_What you should do_: Take the records below and set down exactly the lines from the one with "Medium shot woman holding yellow camera" to the one with "Two white AATHER", ends included; do not copy the pictures.

_Short descriptive text snippets_:
□ □ □

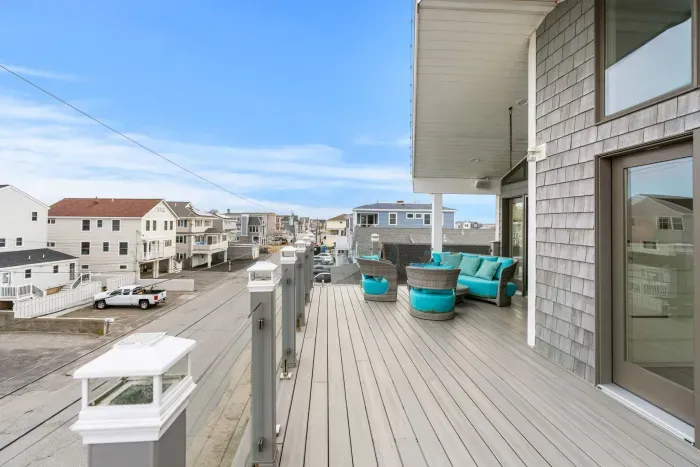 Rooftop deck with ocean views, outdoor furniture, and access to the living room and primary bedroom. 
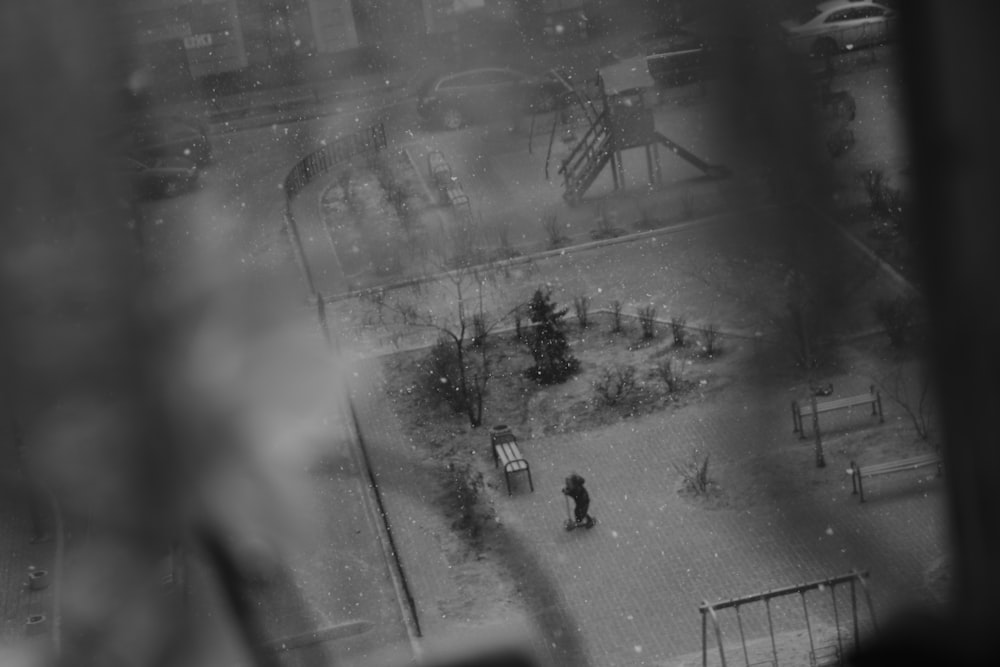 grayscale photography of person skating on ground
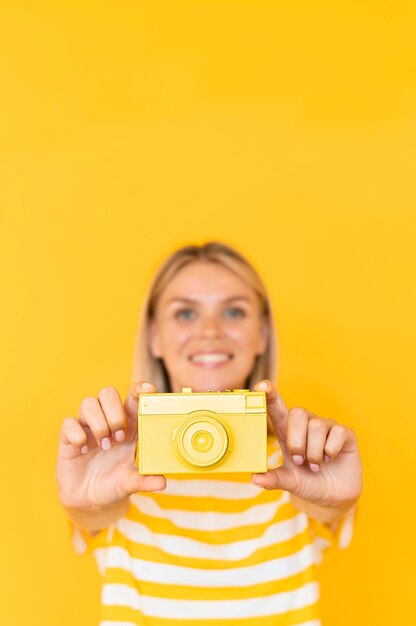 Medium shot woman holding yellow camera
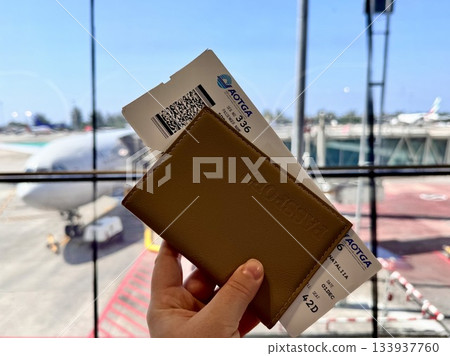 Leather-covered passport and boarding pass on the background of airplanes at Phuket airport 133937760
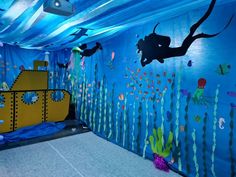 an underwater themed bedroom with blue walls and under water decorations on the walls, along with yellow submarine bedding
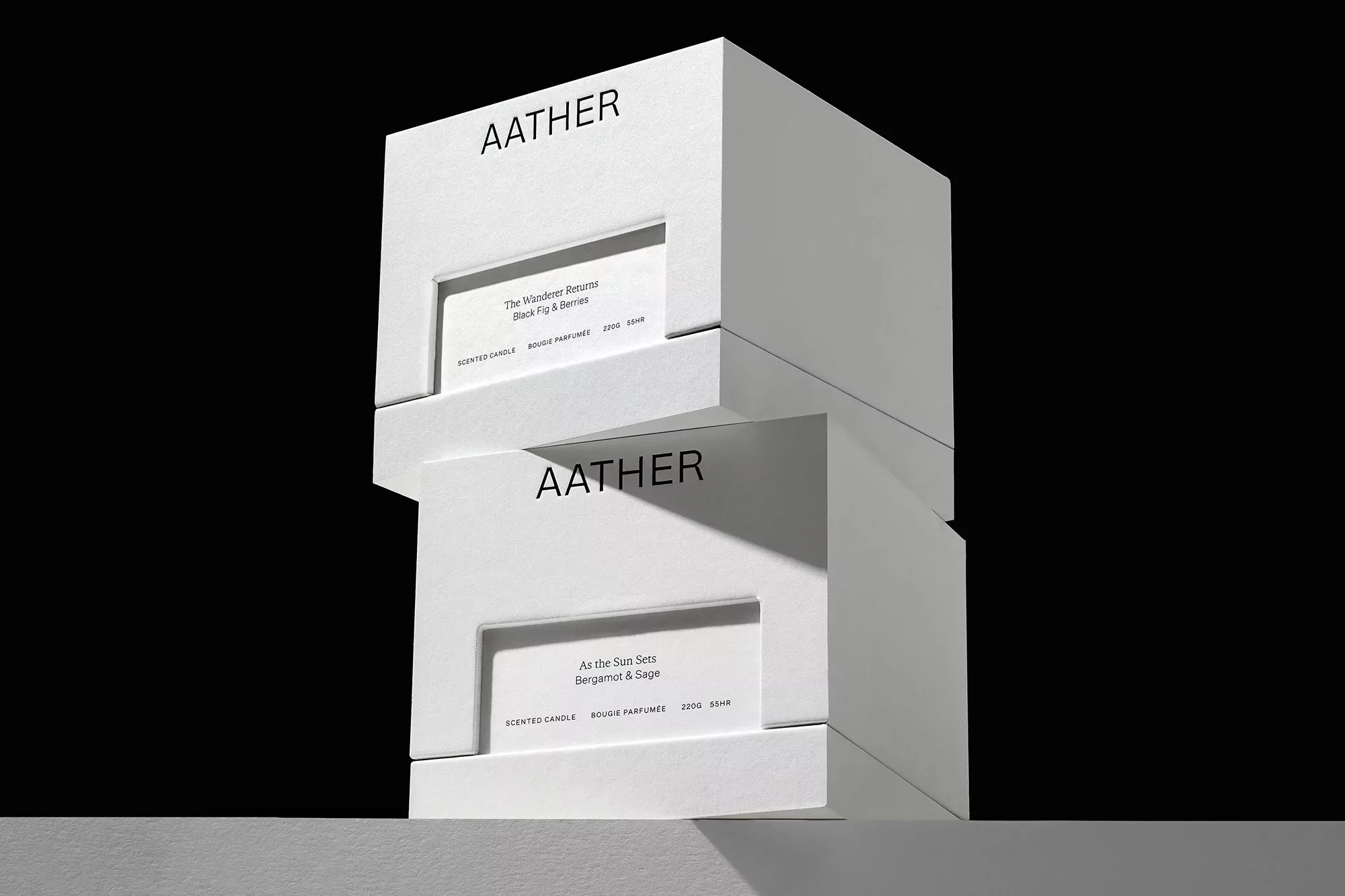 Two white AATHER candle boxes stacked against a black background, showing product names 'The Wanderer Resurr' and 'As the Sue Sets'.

□ □ □

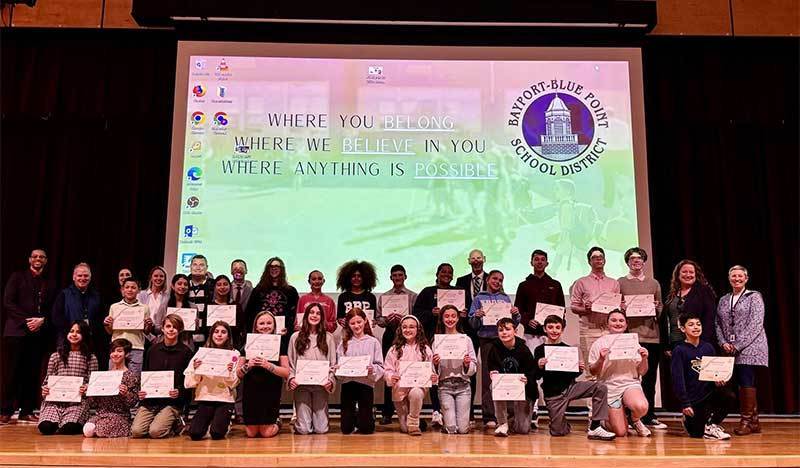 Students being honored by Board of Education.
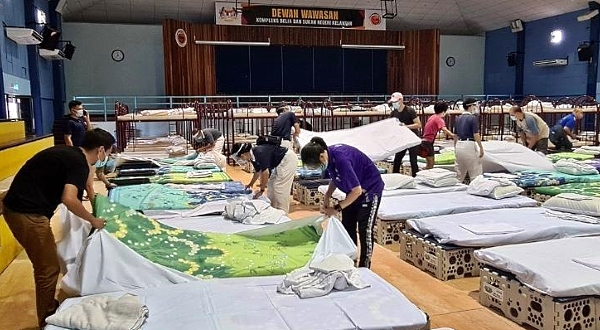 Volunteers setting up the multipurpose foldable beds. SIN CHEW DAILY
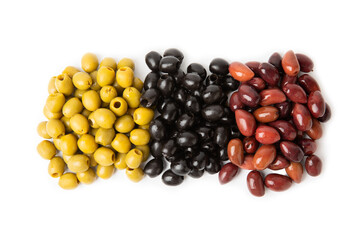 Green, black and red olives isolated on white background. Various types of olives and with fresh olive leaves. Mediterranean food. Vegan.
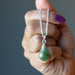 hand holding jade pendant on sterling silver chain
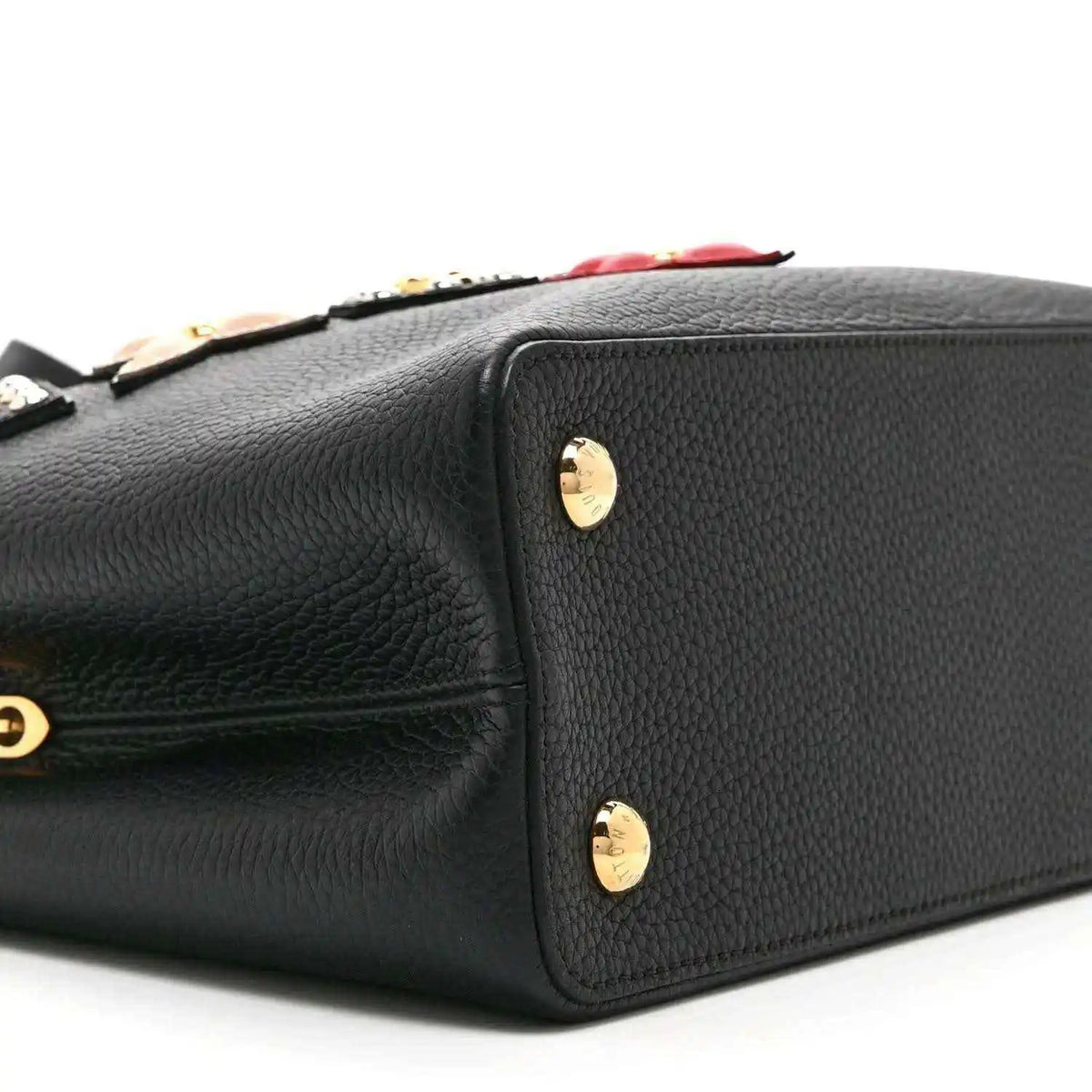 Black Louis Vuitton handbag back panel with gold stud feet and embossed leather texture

□ □ □

_Written solution_:
 Medium shot woman holding yellow camera
 Leather-covered passport and boarding pass on the background of airplanes at Phuket airport 133937760
 an underwater themed bedroom with blue walls and under water decorations on the walls, along with yellow submarine bedding
 Two white AATHER candle boxes stacked against a black background, showing product names 'The Wanderer Resurr' and 'As the Sue Sets'.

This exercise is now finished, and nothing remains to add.